● Data for this exercise:
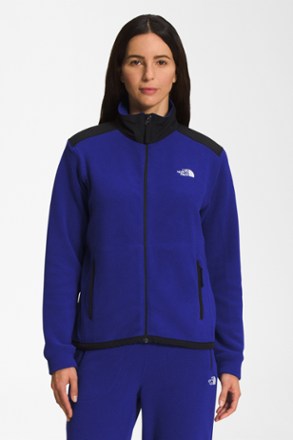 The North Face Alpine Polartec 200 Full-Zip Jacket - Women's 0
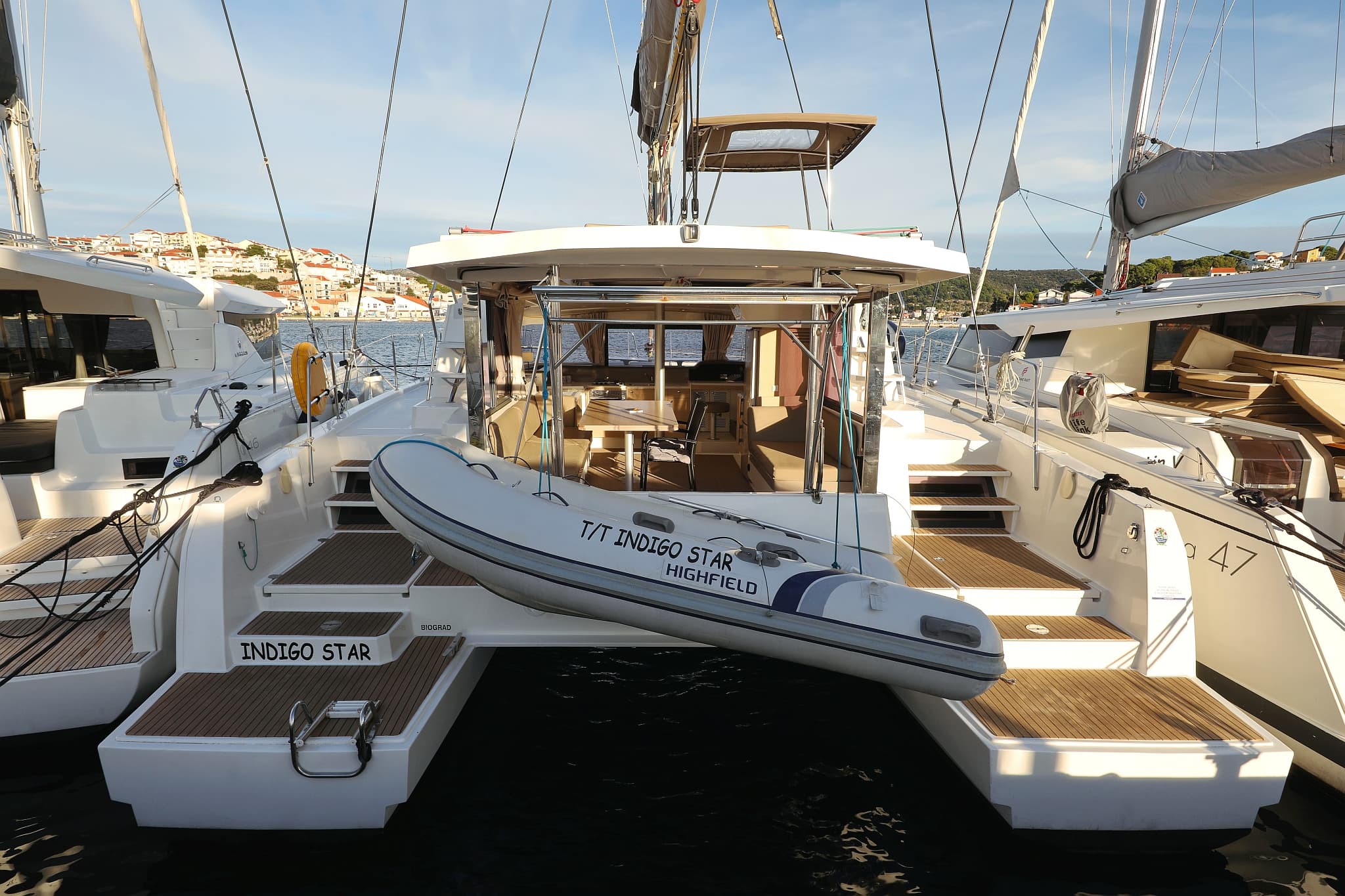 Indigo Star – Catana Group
--
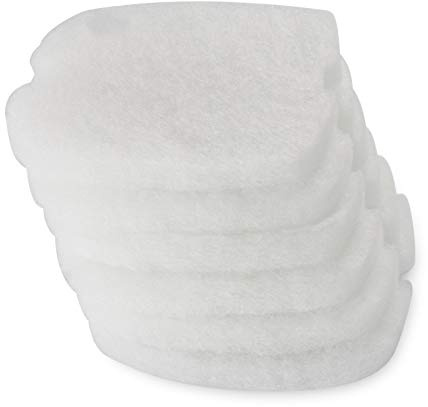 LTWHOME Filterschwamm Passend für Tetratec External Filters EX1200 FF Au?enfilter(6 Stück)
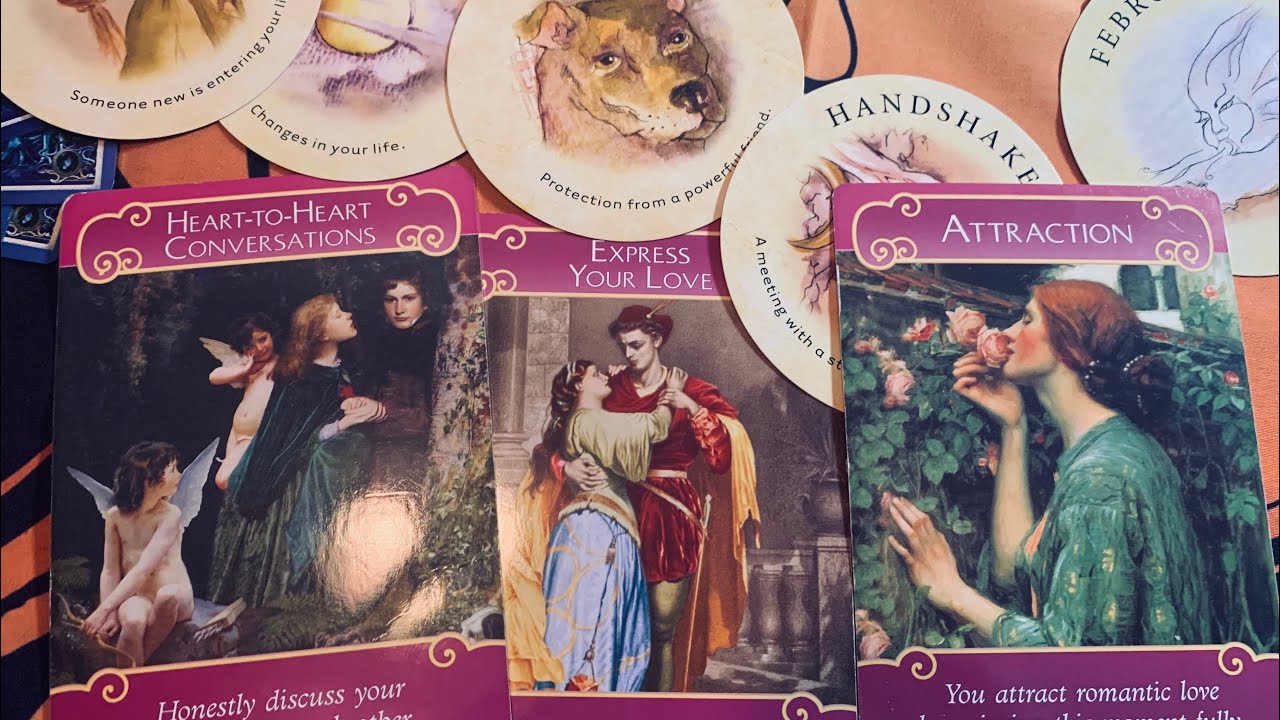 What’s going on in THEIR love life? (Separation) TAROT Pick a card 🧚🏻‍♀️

● Exercise prompt:
Go to the line above that has "LTWHOME Filterschwamm Passend" and copy exactly from there down to the line that has "What’s going on", both included. Leave the pictures out.

● Written answer:
 LTWHOME Filterschwamm Passend für Tetratec External Filters EX1200 FF Au?enfilter(6 Stück)
 What’s going on in THEIR love life? (Separation) TAROT Pick a card 🧚🏻‍♀️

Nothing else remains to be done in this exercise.